** Opening Extracted records block **

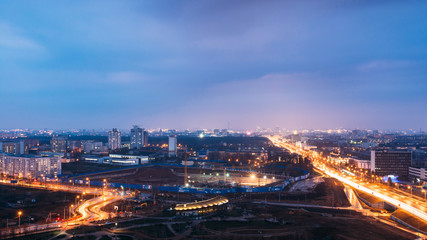 Fototapeta na wymiar Minsk, Belarus. Aerial View Cityscape In Bright Blue Hour Evening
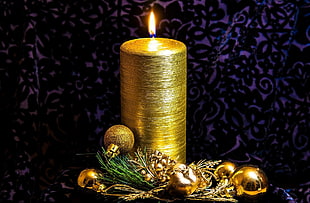 gold-colored pillar candle HD wallpaper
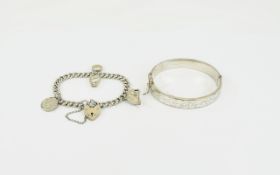 Silver Charm Bracelet Together With A Hinged Bangle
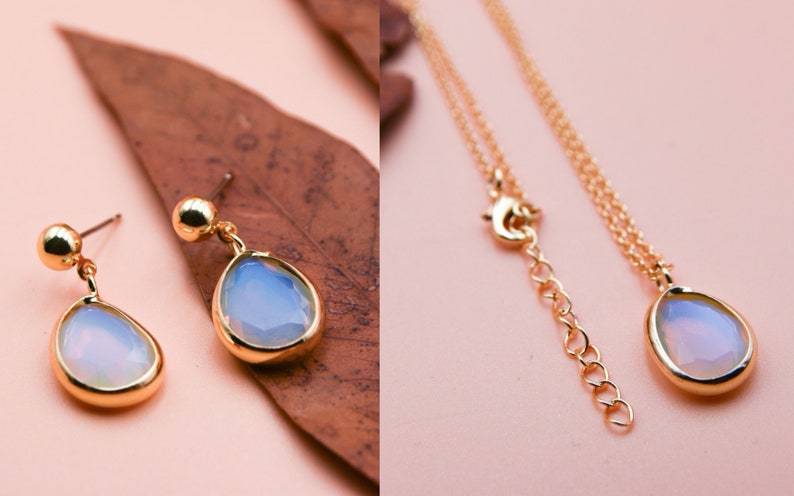 May include: A gold necklace and earrings set with a teardrop-shaped opal pendant. The opal is a light blue color with a white iridescent sheen.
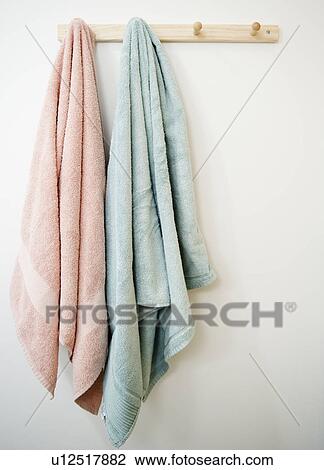 Towels hanging on rack View Large Photo Image Stock Image - Towels hanging on rack. Fotosearch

** Closing Extracted records block **

Your instructions:
Write out the entries above word for word. Do not include the pictures.

Response box:
 Fototapeta na wymiar Minsk, Belarus. Aerial View Cityscape In Bright Blue Hour Evening
 gold-colored pillar candle HD wallpaper
 Silver Charm Bracelet Together With A Hinged Bangle
 May include: A gold necklace and earrings set with a teardrop-shaped opal pendant. The opal is a light blue color with a white iridescent sheen.
 Towels hanging on rack View Large Photo Image Stock Image - Towels hanging on rack. Fotosearch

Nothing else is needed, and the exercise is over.